作品に写る接収住宅では、価値観の違いにより和から西洋へ文化が変わった住宅と、そこに暮らしていたであろう人間の痕跡として、長時間露光の中パフォーマーに写り込んでもらい、影を表現しています。
写真という記録から、長い年月をかけて堆積した家や人間の記憶を感じてもらいたいです。
「Code of Shadow#1」について
チェコに留学中、立ち寄った蚤の市で購入した、50枚ほどのフィルムを基に制作しました。
露光時間の幅をキューブ状にすることで可視化して、撮影時の時間の奥行きを表現しています。
誰が何のために撮影したのかはわかりませんが、記録からその時の記憶を想像することも面白いことだなと感じています。
「Code of Shadow#3」について
古い石の図鑑をキューブに転写したものですが、私にとって石は土や大地の記憶であり、記憶の結晶だと感じています。
石をキューブ上でコラージュすることにより、記憶の接続を表現しました。
「風景一海」について
日本海側の海を、日本の記憶が刻まれている場所だと私は感じています。
記憶は海のように行ったり来たりするので、海の写真を用いることで記憶の形を可視化しています。

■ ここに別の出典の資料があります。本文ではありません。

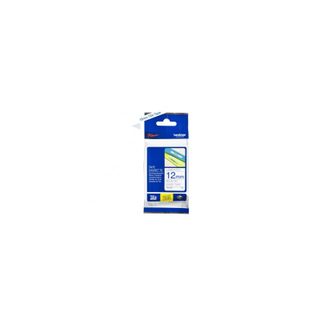 Ruban Étiquette Laminé Tze-233 Bleu Sur Blanc 12 Mm X 8 M Brother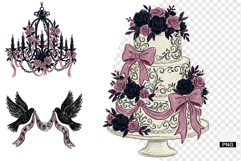 Goth Wedding Night Clipart Product Image 1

中心部分にはフィルムに表記される撮影日を転写しています。特別な日ではない記録のための数字ですが、見る人によってその日の記憶は異なります。
自分の記憶と結び付けながら見ていただきたいです。
■嶋野ゴローさんとのお話
Q:空間にある窓を隔てて反対側にある景色や、物事をトレースする作品「Drawing Memories」は、その行為にどの様な意味や意図が込められているんですか?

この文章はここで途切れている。